What is a Software Library?
A Software Library is a useful way for computer programs to execute common tasks that other computer programs also execute.
Let’s say you are baking a batch of scones. The recipe for scones refers other recipes, one for the dough and another to make strawberry jam. Those base recipes for dough and jam can be put together in a library of recipes. That library is similar to a software library, in that it offers recipe creators a shortcut to proven instructions for standard parts of their meals.
What makes a Software Library
- A Software library offers a collection of permanent resources that computer programs can access to do common tasks. It’s a convenient way of reusing code that others developed.
- A software library typically includes one or several of the following:
- pre-written code
- templates for messages and classes (classes are an aggregator structure for similar objects)
- example data
Common Types of Libraries
- Static Libraries. These are libraries that will be copied to your computer program and become an integral part of it. Static librarires are incorporated into your program before it is run, at “compile-time”.

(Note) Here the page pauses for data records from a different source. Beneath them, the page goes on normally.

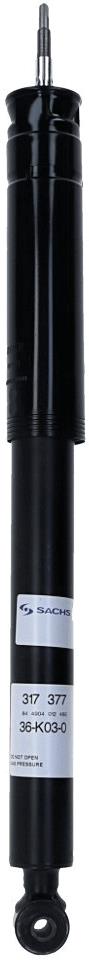 SACHS 317 377 EAN: 4013872909964.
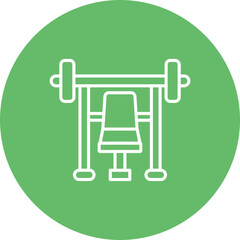 Weighing machine Icon
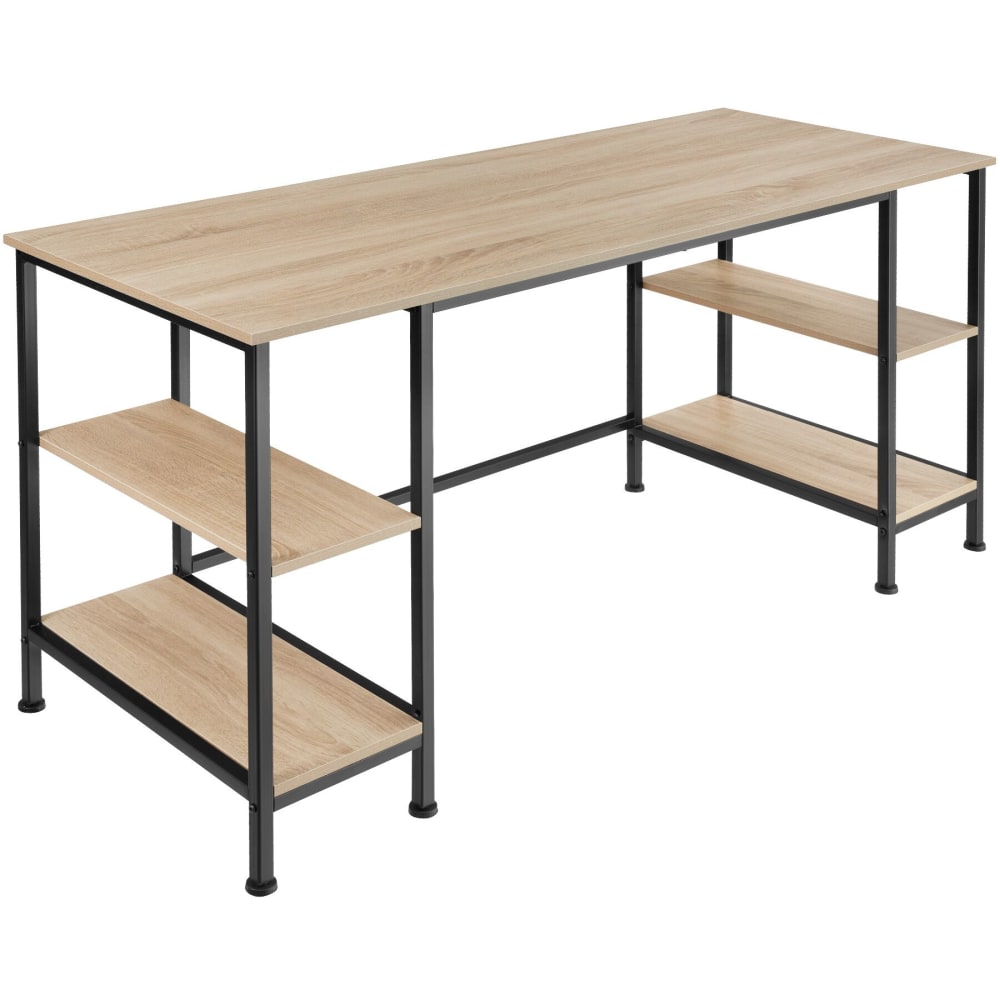 bureau style industriel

- Shared Libraries. These are libraries that can be shared between several programs when they are being executed, typically at “runtime”.
Examples of Libraries
- When you are programming in C languange, you have
libc, the C standard library. It provides functions that help programmers manipulate text (strings), functions for mathematical operations, handling inputs and outputs (for writing into files) and more. The Python language, Java language and most others all have their standard libraries.